When I read the scripture in questions 3, 4, and 5 I am reminded that, although I may not be a "mover and a shaker" in this world, I also feel I fall very far short of what Jesus is teaching here.  I want to be a good Christian, but oh please! I don't like reading these passages.  I don't want to serve humbly - I want to be important; that's how to get ahead, to feel loved and respected.  Servants are invisible, they get no credit... what kind of life is that?  Certainly not what we mortals crave!  Yet, it's what Jesus teaches.

Jesus turns the world upside down!  He is a revolutionary!  His teachings, contrary to wordly thought, resonate within the soul, stir something deep within and bring joy.  We were made in God's image, so we are always drawn to Him. 
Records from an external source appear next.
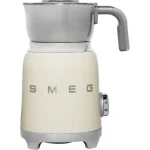 Smeg Συσκευή για Ζεστό & Κρύο Αφρόγαλα με Αντικολλητική Επίστρωση 600ml MFF11CREU - Image 5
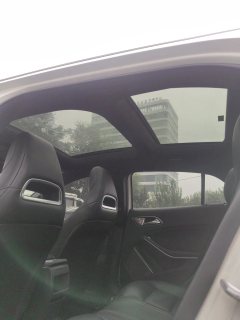 2015 Mercedes-Benz GLA-Class 2015 2.0T AT GLA260Sport 4WD #13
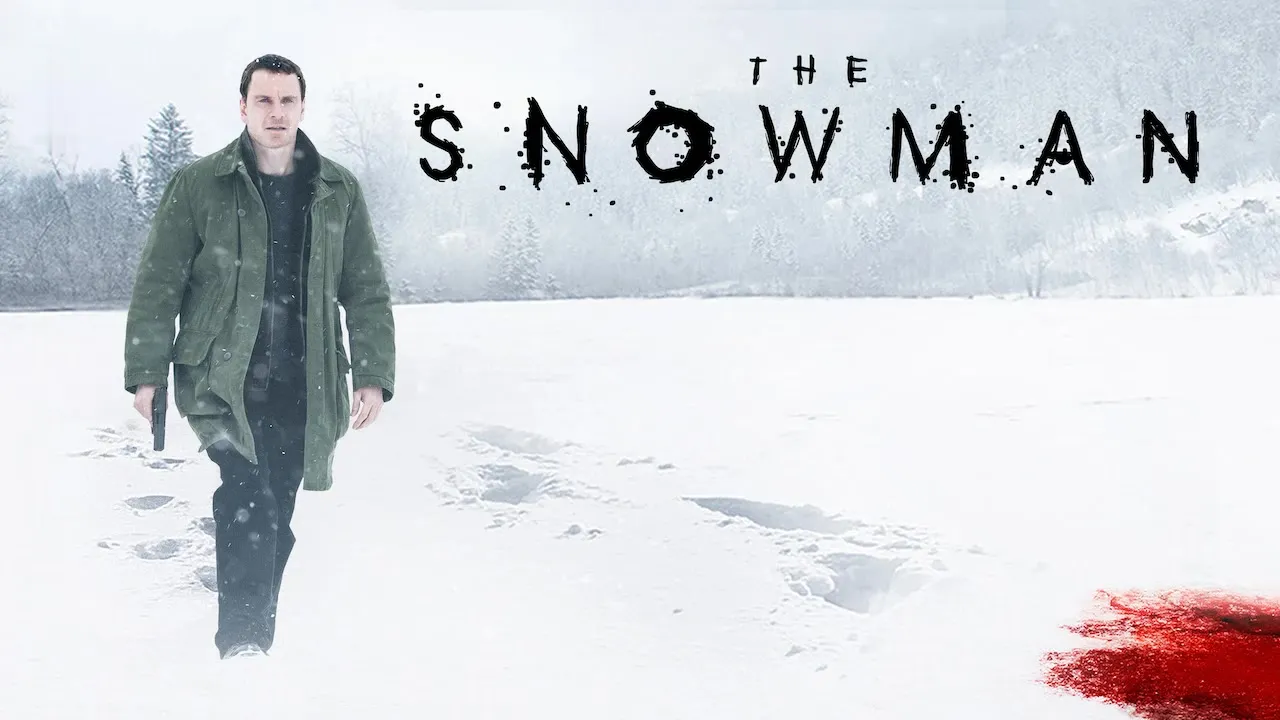 Movie Poster: Boneco de Neve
If you are like me and want to close the Bible every time I read that I have to humbly serve, do not be discouraged!  Keep reading - let Jesus' words roll around in your brain, sink into your heart, and take root in your soul.  That's when the knot starts to form - as the seed of service and humility takes root and starts to grow.  It has to push out the worldly teachings of selfishness, recognition, and importance.  Yep, that will take some time and may be a little 'uncomfortable' (you know the kind of uncomfortable the dentist uses when he's drilling a cavity!) But it will be worth it!  God's promises are not empty and His rewards are amazing!

Keep reading. Keep writing. Keep meditating on the Word Keep trying.
 
God's word is here to lift us up, to remind us of His promises to us, and to encourage us.  Jesus was sent to teach us and to save us.  Keep striving to learn the lessons, because He has already bought our salvation.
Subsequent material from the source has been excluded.